# Nondocumented upgrade for Dishplayer?



## crkeehn (Apr 23, 2002)

About a week or so back, I noticed that the way the Dishplayer was handling reminders had changed. In the past, when I set a reminder, I would select the remind button and get a screen with two radio buttons, the lower being to switch to the selected channel/program. I could not go directly to that choice, using the up arrow took you to the top menu item first. Now when I get that screen, and use the up arrow, it goes directly to the lower radio button. 

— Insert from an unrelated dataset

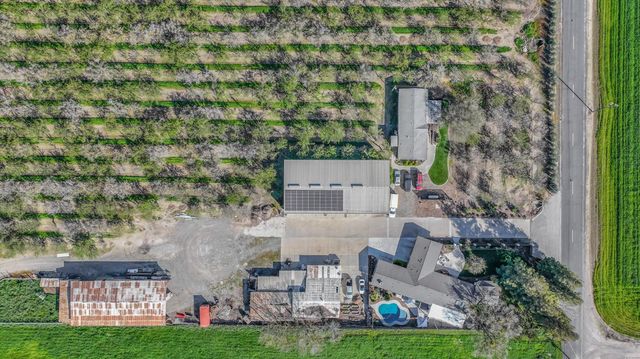 6613 Woodland Ave, Modesto, CA 95358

I don't see any change in either the receiver or webtv software to warrant this. do they make minor changes that are not reflected by new software revisions?


----------



## Nick (Apr 23, 2002)

Both my DPs still go to the upper check box first, but when I drop down to check the lower box and then hit 'Done', I get a long delay before anything happens. Have you noticed this?


----------



## crkeehn (Apr 23, 2002)

That was the way mine used to work. Now it goes directly to the lower box. I don't really pay attention to the resulting delay. I have been so used to waiting for it, I can't say whether it's any faster. I'll try it today and see what happens.


----------



## crkeehn (Apr 23, 2002)

> _Originally posted by Nick _
> *Both my DPs still go to the upper check box first, but when I drop down to check the lower box and then hit 'Done', I get a long delay before anything happens. Have you noticed this? *


Nick, I just went back and set a timer for this morning. As I had mentioned, it allowed me to go directly to the switch channels selection. In addition, the response was MUCH quicker. Rather than clicking on continue and waiting for 4-5 seconds for a response, I got the Done button in less than a second. As I had said, I'm not aware of any change in software, my machine just starting doing it a week or so ago. I like it.:hurah:


----------



## Guest (Aug 9, 2002)

Go to the system info page. Is the word "Leviathan" anywhere on it? 

Odyessey 5 viewers will get this.


----------